Exercise requirements:
From the first line to the last, copy the listing exactly and omit the images.

Given material:
-.-.-

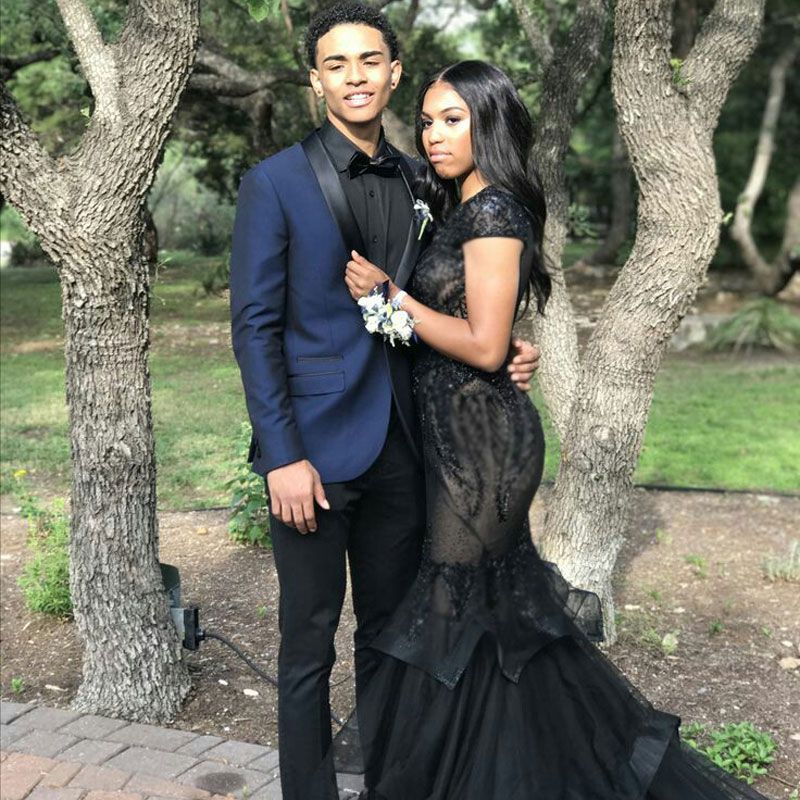 Navy Blue Two-Piece Slim Fit Prom Mens Suits with Black Silk Lapel - Image 2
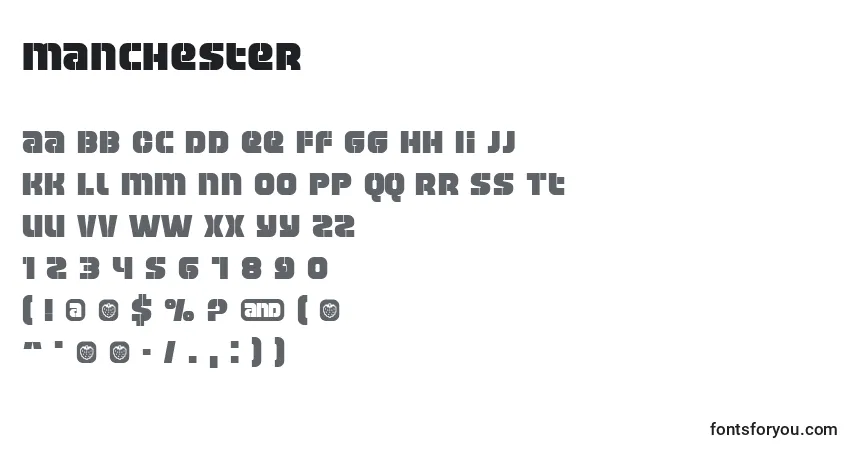 Czcionka Manchester – alfabet, cyfry, specjalne znaki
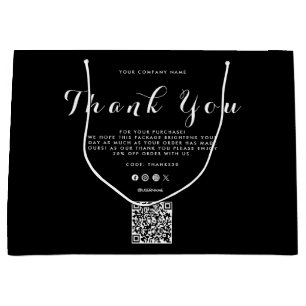 Thank You Business Logo  QR Code    Large Gift Bag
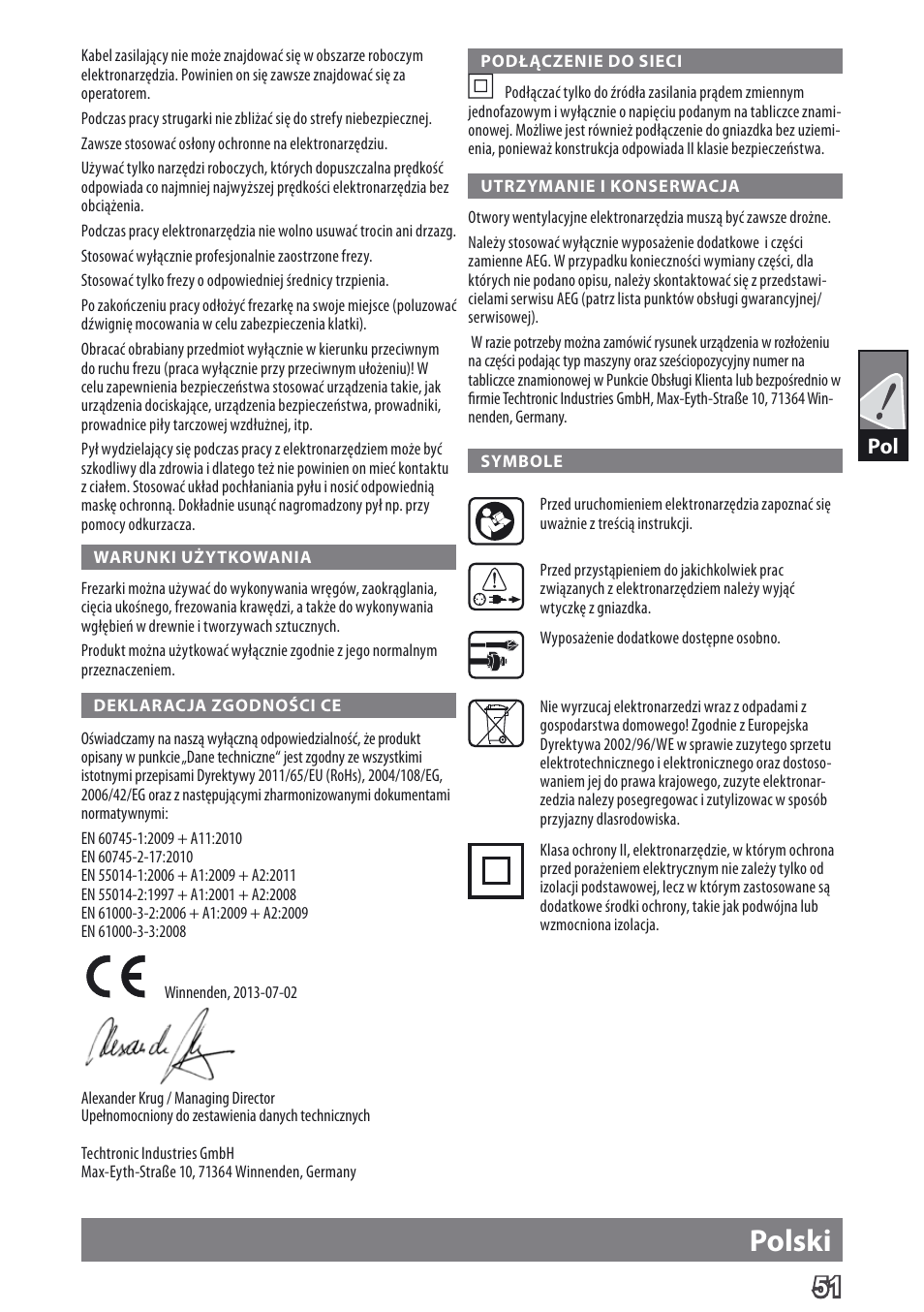 Polski | AEG MF 1400 KE User Manual | Page 53 / 76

-.-.-

Solution:
 Navy Blue Two-Piece Slim Fit Prom Mens Suits with Black Silk Lapel - Image 2
 Czcionka Manchester – alfabet, cyfry, specjalne znaki
 Thank You Business Logo  QR Code    Large Gift Bag
 Polski | AEG MF 1400 KE User Manual | Page 53 / 76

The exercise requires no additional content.